[[ Provided data, beginning ]]

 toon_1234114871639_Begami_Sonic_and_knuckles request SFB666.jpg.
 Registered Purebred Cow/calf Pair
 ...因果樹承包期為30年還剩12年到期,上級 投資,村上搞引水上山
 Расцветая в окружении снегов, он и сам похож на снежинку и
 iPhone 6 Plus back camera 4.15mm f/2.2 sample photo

[[ Provided data, end ]]
[[ Provided data, beginning ]]

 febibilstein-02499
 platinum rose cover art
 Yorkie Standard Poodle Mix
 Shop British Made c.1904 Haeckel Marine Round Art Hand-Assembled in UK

[[ Provided data, end ]]

# Activity:
Reproduce the entries above exactly, but only the lines between the line holding "febibilstein-02499" and the line holding "Shop British Made", inclusive.

# The answer:
 febibilstein-02499
 platinum rose cover art
 Yorkie Standard Poodle Mix
 Shop British Made c.1904 Haeckel Marine Round Art Hand-Assembled in UK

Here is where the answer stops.